Tourism down Costa Rica way has become the country’s main income earner and biggest employer. This tropical playground offers an impressive list of natural attractions with many national parks, superb beaches, central mountains and even active volcanoes from which to choose. This small nation of a little over 4-million souls covers an area slightly over 51,000 km² / 31,857 mi².
The Republic of Costa Rica is sandwiched between Nicaragua to the north and Panama to the south, placing it between eight and twelve degrees north of the Equator. Its year-round tropical climate spawns a number of microclimates thanks to the varied geography of the terrain.
Coast to Coast Beaches
With 1,290 kilometres / 806 miles of coastline, Costa Rica has more than its fair share of beaches in three distinct regions:
* The Pacific North (Guanacaste Region / Nicoya Peninsula) in the northwest of the country on the Pacific Ocean
* The Pacific South along the remainder of Costa Rica’s west coast in the central and southern regions of the country
* The Caribbean, stretching the full length of Costa Rica’s eastern seaboard from Nicaragua in the north to Panama in the south
With such a vast coast, it is hardly surprising that much of the interest grabbing the visitor’s attention is ocean-related. Swimming and water sports are the easy choices, with competitive surfing fast moving up as a national asset. Deep-sea fishing charters attract anglers from all over the world, with serious competitions and prize money offered. This part of the Pacific boasts the best game fishing anywhere on the planet.
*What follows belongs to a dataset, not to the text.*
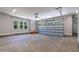 Spacious garage featuring a large garage door and natural lighting at 3925 Cedar Knolls Dr, Youngsville, NC 27596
The flying time to Costa Rica varies between 3 and 7 hours depending on the start point from North America. Most international flights land at San José's Juan Santa María International Airport. Another option is Liberia's Daniel Oduber International Airport, which is the gateway to the beaches of the Guanacaste Region and the Nicoya Peninsula. Once you arrive, you will experience a "Lost World" charm about the place, with active volcanoes, occasional hurricanes (Caribbean) and even the odd earthquake certain to make your visit memorable!